Python Application Package

I’ve been thinking some more about deployment of Python web applications, and deployment in general (in part leading up to the Web Summit). And I’ve got an idea.

I wrote about this about a year ago and recently revised some notes on a proposal but I’ve been thinking about something a bit more basic: a way to simply ship server applications, bundles of code. Web applications are just one use case for this.
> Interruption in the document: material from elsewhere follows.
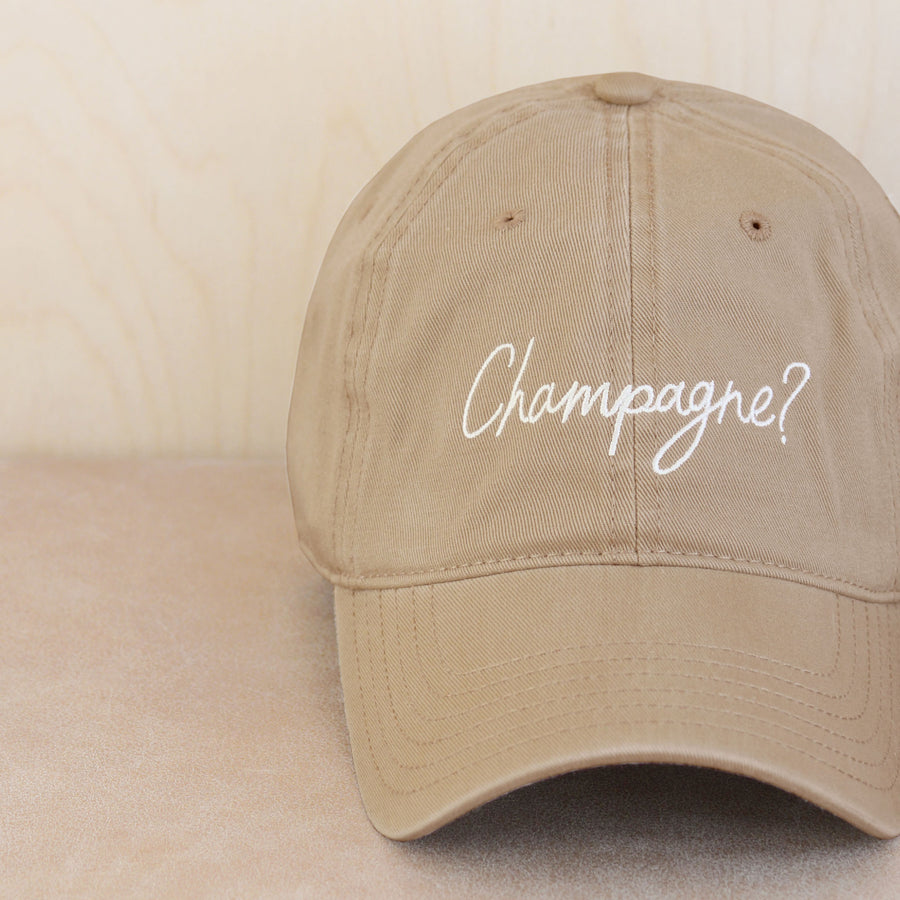 Champagne? - Cotton Baseball Cap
For now lets call this a "Python application package". It has these features:

  1. There is an application description: this tells the environment about the application. (This is sometimes called "configuration" but that term is very confusing and overloaded; I think "description" is much clearer.)
  2. Given the description, you can create an execution environment to run code from the application and acquire objects from the application. So there would be a specific way to setup sys.path, and a way to indicate any libraries that are required but not bundled directly with the application.
  3. The environment can inject information into the application. (Also this sort of thing is sometimes called "configuration", but let’s not do that either.) This is where the environment could indicate, for instance, what database the application should connect to (host, username, etc).
  4. There would be a way to run commands and get objects from the application. The environment would look in the application description to get the names of commands or objects, and use them in some specific manner depending on the purpose of the application. For instance, WSGI web applications would point the environment to an application object. A Tornado application might simply have a command to start itself (with the environment indicating what port to use through its injection).
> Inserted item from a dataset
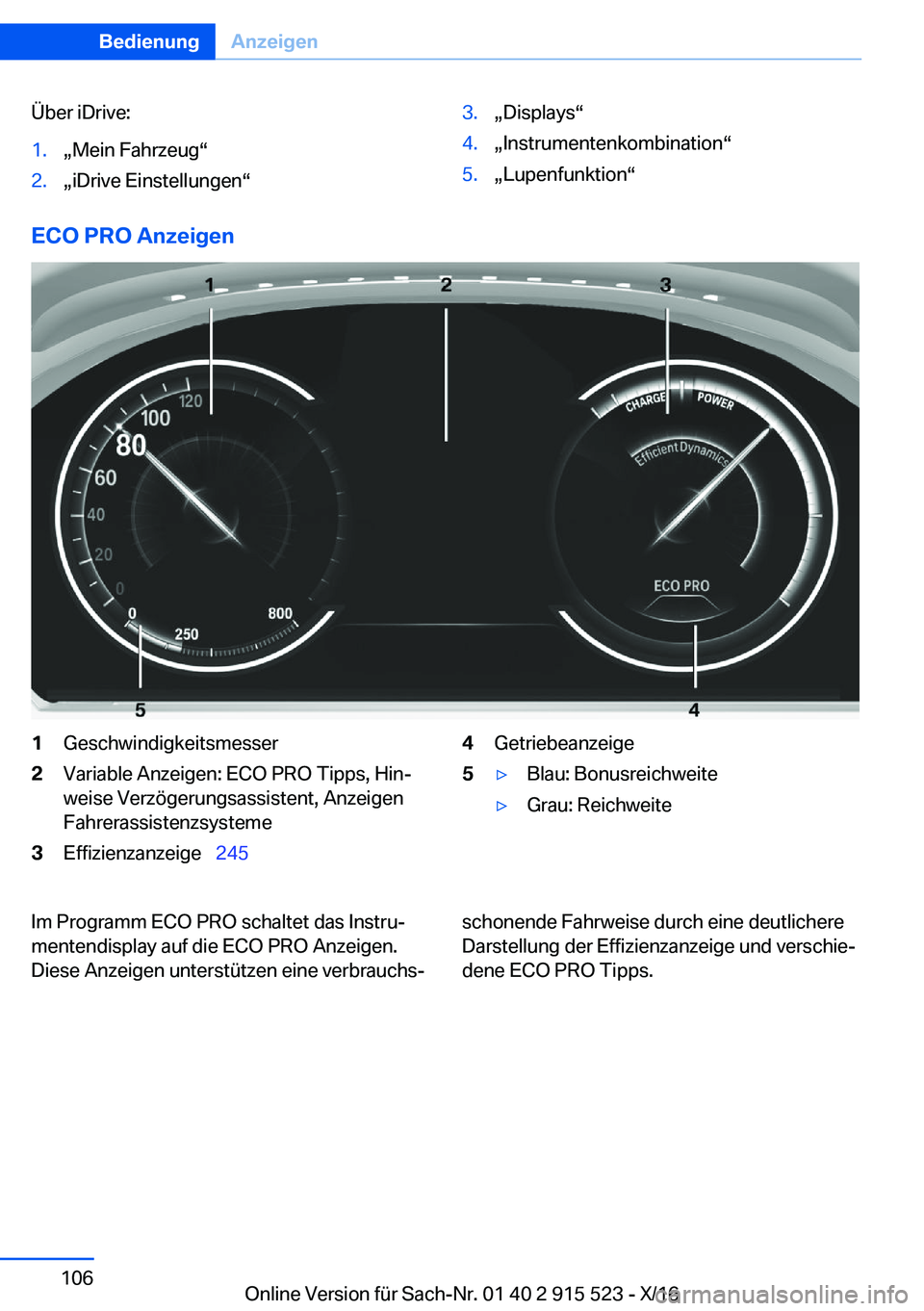 BMW X5 2017  Betriebsanleitungen (in German) �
There’s a lot of things you can build from these pieces, and in a sophisticated application you might use a bunch of them at once. You might have some WSGI, maybe a seperate non-WSGI server to handle Web Sockets, something for a Celery queue, a way to accept incoming email, etc. In pretty much all cases I think basic application lifecycle is needed: commands to run when an application is first installed, something to verify the environment is acceptable, when you want to back up its data, when you want to uninstall it.

There’s also some things that all environments should setup the same or inject into the application. E.g., $TMPDIR should point to a place where the application can keep its temporary files. Or, every application should have a directory (perhaps specified in another environmental variable) where it can write log files.

Details?

To get more concrete, here’s what I can imagine from a small application description; probably YAML would be a good format:


platform: python, wsgi
require:
  os: posix
  python: <3
  rpm: m2crypto
  deb: python-m2crypto
  pip: requirements.txt
python:
  paths: vendor/
wsgi:
  app: myapp.wsgiapp:application
 

I imagine platform as kind of a series of mixins. This system doesn’t really need to be Python-specific; when creating something similar for Silver Lining I found PHP support relatively easy to add (handling languages that aren’t naturally portable, like Go, might be more of a stretch). So python is one of the features this application uses. You can imagine lots of modularization for other features, but it would be easy and unproductive to get distracted by that.

The application has certain requirements of its environment, like the version of Python and the general OS type. The application might also require libraries, ideally one libraries that are not portable (M2Crypto being an example). Modern package management works pretty nicely for this stuff, so relying on system packages as a first try I believe is best (I’d offer requirements.txt as a fallback, not as the primary way to handle dependencies).

I think it’s much more reliable if applications primarily rely on bundling their dependencies directly (i.e., using a vendor directory). The tool support for this is a bit spotty, but I believe this package format could clarify the problems and solutions. Here is an example of how you might set up a virtualenv environment for managing vendor libraries (you then do not need virtualenv to use those same libraries), and do so in a way where you can check the results into source control. It’s kind of complicated, but works (well, almost works – bin/ files need fixing up). It’s a start at least.

Support Library

On the environment side we need a good support library. pywebapp has some of the basic features, though it is quite incomplete. I imagine a library looking something like this:


from apppackage import AppPackage
app = AppPackage('/var/apps/app1.2012.02.11')
# Maybe a little Debian support directly:
subprocess.call(['apt-get', 'install'] +
                app.config['require']['deb'])
# Or fall back of virtualenv/pip
app.create_virtualenv('/var/app/venvs/app1.2012.02.11')
app.install_pip_requirements()
wsgi_app = app.load_object(app.config['wsgi']['app'])
 

You can imagine building hosting services on this sort of thing, or setting up continuous integration servers (app.run_command(app.config['unit_test'])), and so forth.

Local Development

If designed properly, I think this format is as usable for local development as it is for deployment. It should be able to run directly from a checkout, with the "development environment" being an environment just like any other.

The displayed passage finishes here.